**Exercise brief**
Each line below from the one containing "this 250×188 image." through the one containing "this 845×633 image." should be output exactly as it stands, and no other line should appear.

**Data extract**
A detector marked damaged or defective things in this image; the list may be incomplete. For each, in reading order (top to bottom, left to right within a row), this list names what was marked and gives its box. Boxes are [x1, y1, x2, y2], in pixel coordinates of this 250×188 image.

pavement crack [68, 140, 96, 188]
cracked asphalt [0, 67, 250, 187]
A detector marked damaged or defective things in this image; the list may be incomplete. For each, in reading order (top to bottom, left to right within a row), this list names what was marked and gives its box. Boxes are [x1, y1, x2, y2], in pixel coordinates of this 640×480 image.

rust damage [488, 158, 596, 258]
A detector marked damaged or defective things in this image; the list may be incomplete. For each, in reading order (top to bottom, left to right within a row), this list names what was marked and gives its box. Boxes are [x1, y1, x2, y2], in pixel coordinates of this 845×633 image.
* * *
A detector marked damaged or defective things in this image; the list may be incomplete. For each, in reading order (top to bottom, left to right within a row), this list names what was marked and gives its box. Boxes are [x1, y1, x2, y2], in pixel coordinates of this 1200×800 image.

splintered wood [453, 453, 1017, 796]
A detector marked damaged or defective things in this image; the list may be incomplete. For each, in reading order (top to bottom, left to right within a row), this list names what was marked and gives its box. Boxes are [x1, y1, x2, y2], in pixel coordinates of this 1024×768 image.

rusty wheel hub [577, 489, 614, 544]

**Answer to this problem**
A detector marked damaged or defective things in this image; the list may be incomplete. For each, in reading order (top to bottom, left to right within a row), this list names what was marked and gives its box. Boxes are [x1, y1, x2, y2], in pixel coordinates of this 250×188 image.

pavement crack [68, 140, 96, 188]
cracked asphalt [0, 67, 250, 187]
A detector marked damaged or defective things in this image; the list may be incomplete. For each, in reading order (top to bottom, left to right within a row), this list names what was marked and gives its box. Boxes are [x1, y1, x2, y2], in pixel coordinates of this 640×480 image.

rust damage [488, 158, 596, 258]
A detector marked damaged or defective things in this image; the list may be incomplete. For each, in reading order (top to bottom, left to right within a row), this list names what was marked and gives its box. Boxes are [x1, y1, x2, y2], in pixel coordinates of this 845×633 image.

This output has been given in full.